Borodin was born in Saint Petersburg as an illegitimate son of a 62-year-old Georgian nobleman, Luka Stepanovich Gedevanishvili, and a 25-year-old Russian woman, Evdokia Konstantinovna Antonova. Due to the circumstances of Alexander's birth, the nobleman had him registered as the son of one of his Russian serfs, Porfiry Borodin, hence the composer's Russian last name. As a result of this registration, both Alexander and his nominal Russian father Porfiry were officially serfs of Alexander's biological father Luka. The Georgian father emancipated Alexander from serfdom when he was 7 years old and provided housing and money for him and his mother. Despite this, Alexander was never publicly recognized by his mother, who was referred to by young Borodin as his "aunt".

Despite his status as a commoner, Borodin was well provided for by his Georgian father and grew up in a large four-storey house, which was gifted to Alexander and his "aunt" by the nobleman. Although his registration prevented enrollment in a proper gymnasium, Borodin received good education in all of the subjects through private tutors at home.

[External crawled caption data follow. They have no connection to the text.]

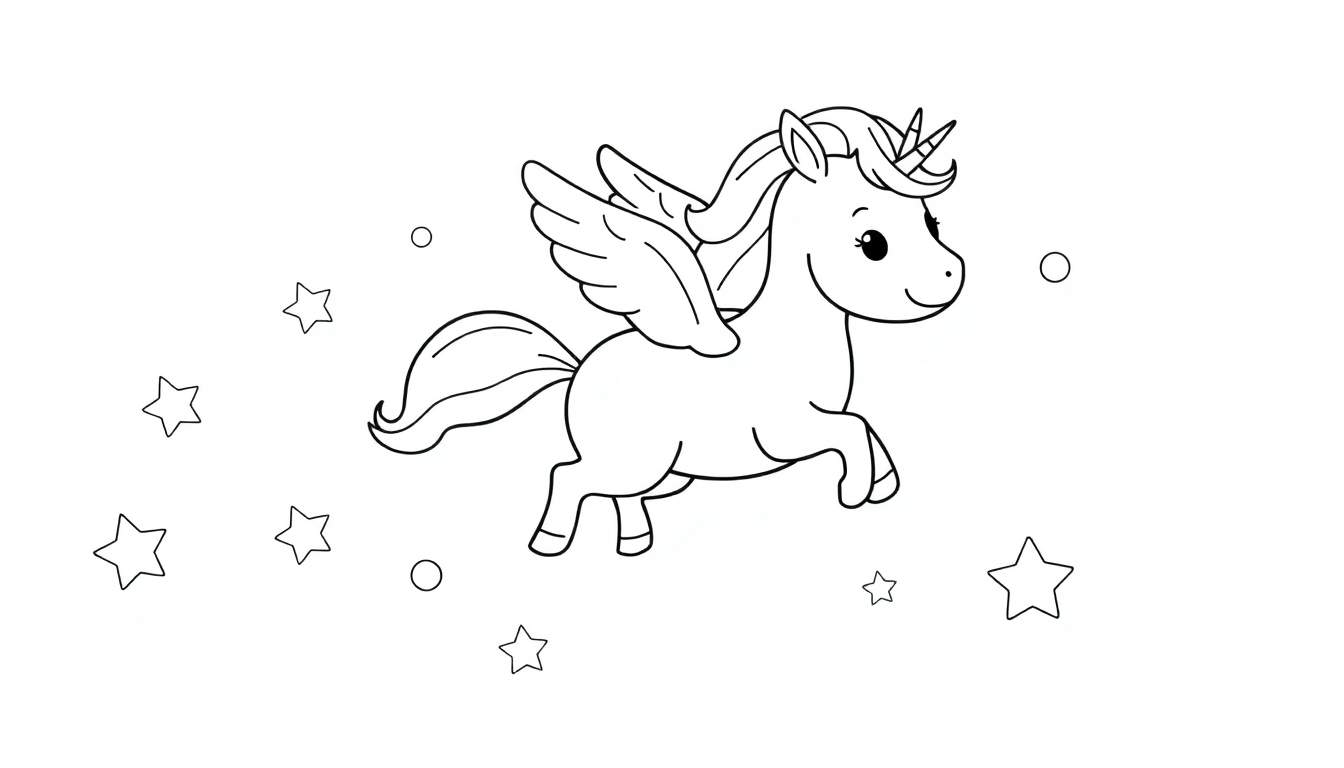 Placa de color de un unicornio alado caricaturesco volando entre estrellas y círculos.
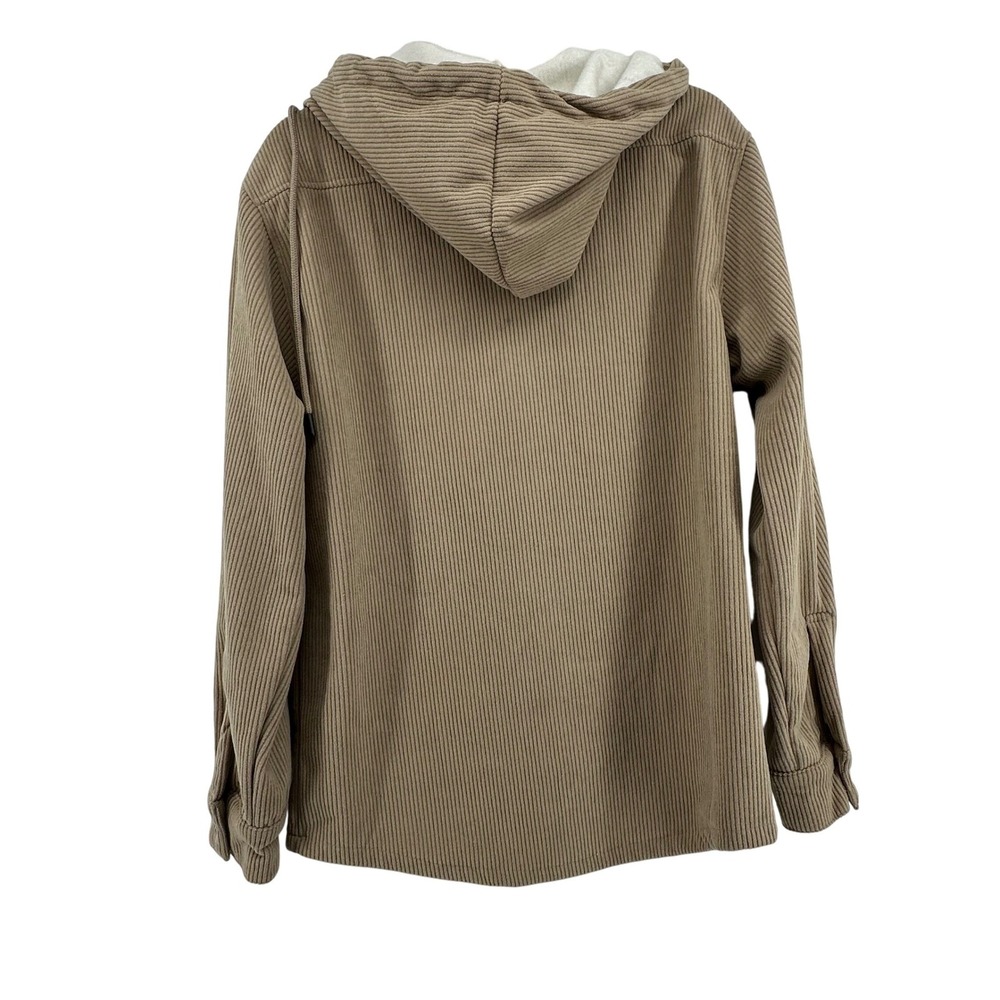 RGSTR Wide Wale Corduroy Hoodie Jacket Tan Button Front Fleece Lined Mens M - Picture 2 of 8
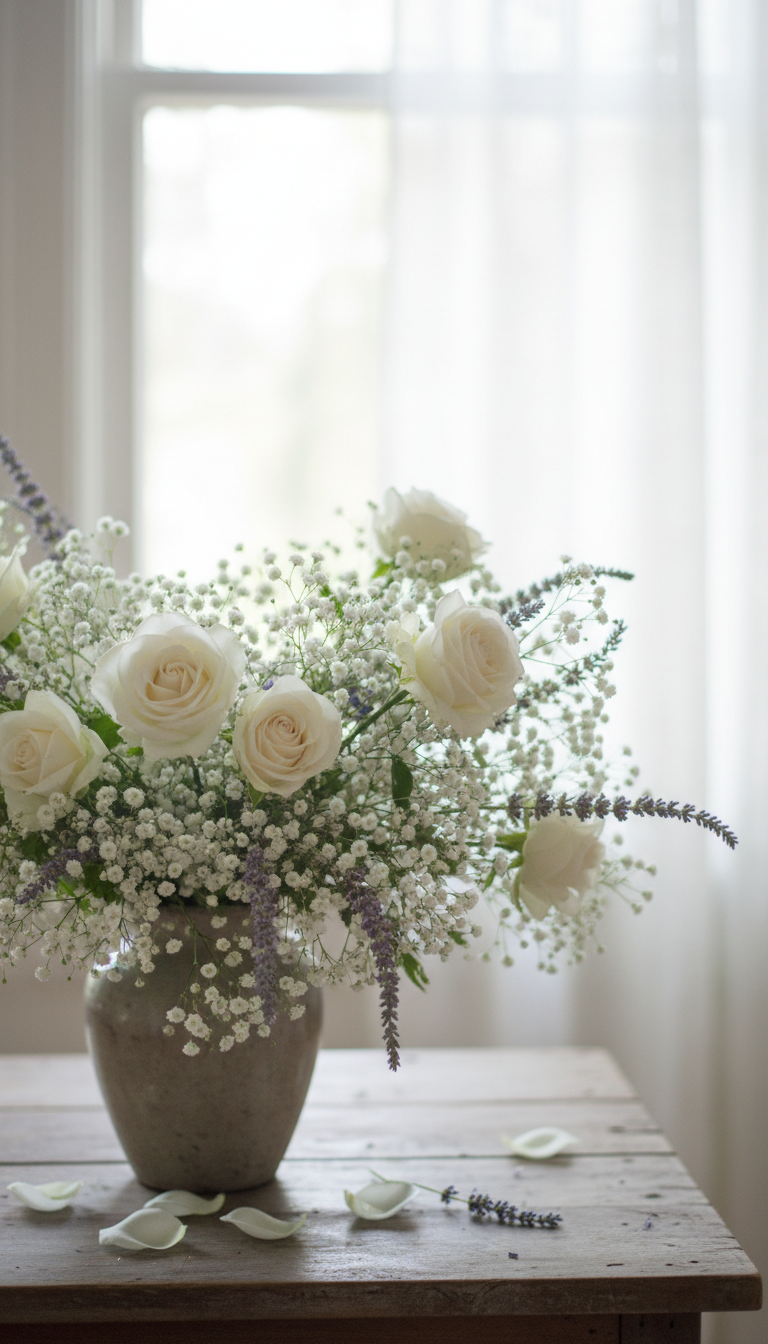 淡い色合いの白い花やラベンダー、カスミソウの花のやさしい雰囲気の画像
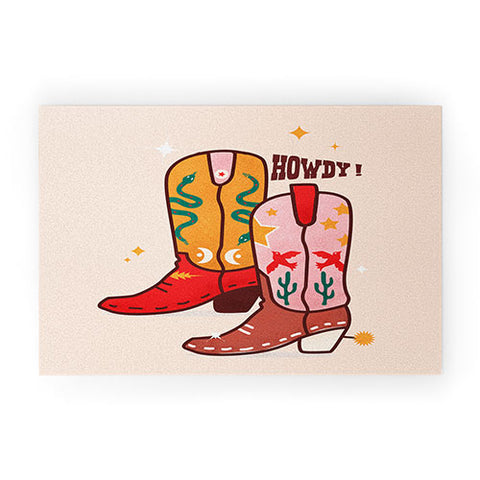 Showmemars Howdy Cowboy Boots Welcome Mat
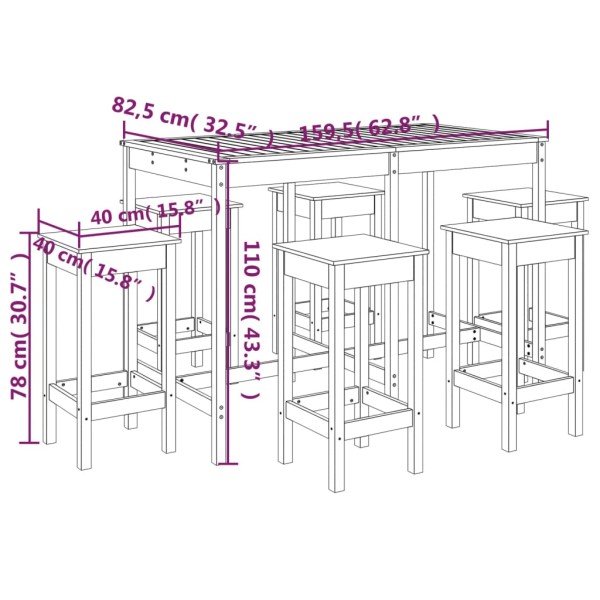 Set de mesa y taburetes altos jardín 7 piezas madera pino negro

During 1850 he enrolled in the Medical–Surgical Academy in Saint Petersburg, which was later the workplace of Ivan Pavlov, and pursued a career in chemistry. On graduation he spent a year as surgeon in a military hospital, followed by three years of advanced scientific study in western Europe.

During 1862, Borodin returned to Saint Petersburg to begin a professorship of chemistry at the Imperial Medical-Surgical Academy and spent the remainder of his scientific career in research, lecturing and overseeing the education of others. Eventually, he established medical courses for women in 1872.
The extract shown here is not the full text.